On Nov 27, 2009, at 5:26 PM, David Peters wrote:

Every right tree we hypothesize will admit new taxa as they are discovered with no change to the rest of the tree topology.

That actually does not follow. It is completely possible to have a "right tree" (one in which all the nestings are accurate if one knows the entire tree of life through omniscience) and then end up with a "wrong tree" as you add new taxa, only to get a "right tree" again as you add still more. If our search algorithms were perfect (which they're not), and our model of evolution were perfect (which it isn't) then we'd still only be guaranteed the right topology when all taxa were known. If anything is missing (which they always will be) there is always the chance that the tree is "wrong" despite having done everything else correctly. Fortunately, we can still get trees that are good enough to be useful. Phylogenies do not need to be 100% accurate to have utility - if they had to be perfect, then phylogenetics would be hopeless.

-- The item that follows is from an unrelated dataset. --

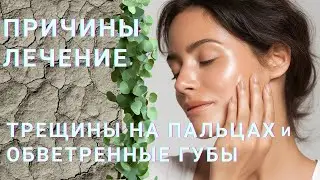Трещины на пальцах. Обветренные губы. Причины. Лечение. Что делать? Сухая кожа #сухаякожа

You're never going to figure out the perimeter of England because you come up against fractals.

Actually, there are ways of integrating to get fractal perimeters (it's just that the answer isn't a single number), but that's a digression.

This complexity you're suggesting is another facet of fractals. Avoid it or delve into madness. All we're looking for are simple models for complex processes taking millions of years and just as many generations.

Just simple enough; not too simple - correlated characters have an impact on topology. Therefore, they need to be considered. If you choose to ignore them, that is still a methodological choice. In some cases, this will confound your results.

The list of apomorphies is enormous!

Doesn't mean it's wrong.

Presuming you mean everything should be unordered and ignored for correlations, there are quite a few manuscripts in the cladistics literature that suggest otherwise.

Posting your question back to you: how did they know they were more right than wrong when they concluded?

Easy: simulation studies know the answer before they start. Therefore, you have the on true tree in hand with which to compare.

Mike, I hate to break it to you, but you like kinda like your parents and your grandparents. If you have a tail or fins or horns or gills, you hide it well.

That's just inheritance, not parsimony. Parsimony would say that gill loss in tetrapods should be a simple stepwise process, but it isn't.

Rare? News to me again. And yes, obviously the shared ones (i.e. synapomorphies) are particularly interesting, but I'm not sure where you're going with this.

Please name any apomorphy that is not rare. By definition any apomorphy will be rare.

Wing reduction in flightless birds. Has occurred convergently dozens of times, mostly in distantly related groups (and often represented by a single species). Paedomorphosis in salamanders also comes to mind. And mouth-brooding in frogs and fish.

Is this based on a particular simulation study? Obviously, if a tree is very large, and contains six or seven typos, then the errors are a smaller percentage of the dataset than in a case where the same six or seven typos exist in a small dataset. However, I'm not sure what this means for "sustaining" typos, or how a matrix with many errors would still be considered healthy.

Typos are to be avoided, but they don't ruin trees of sufficient size, as you indicate and agree with.

Actually, all I said is that the typos will be a smaller percentage of the data in a big matrix - that doesn't mean they have a limited effect on the tree. Not every cell in a matrix has equal impact on the resultant topology.

Actually, they're signs of uncertainty, which is a pretty basic aspect of science, and therefore a common issue. Yes, sometimes such terminology indicates a cop out. Often, it is just being realistic. (Are bats closely related to primates? Well, the *might* be, as some trees support that - but most trees these days don't, so it's *likely* they do not - this is just a realistic assessment of the situation).

Good example. Test it. I have. I know the answer. AND YET, if someone else tests it and comes up with a better answer, I will gladly fold and declare a winner. That's science.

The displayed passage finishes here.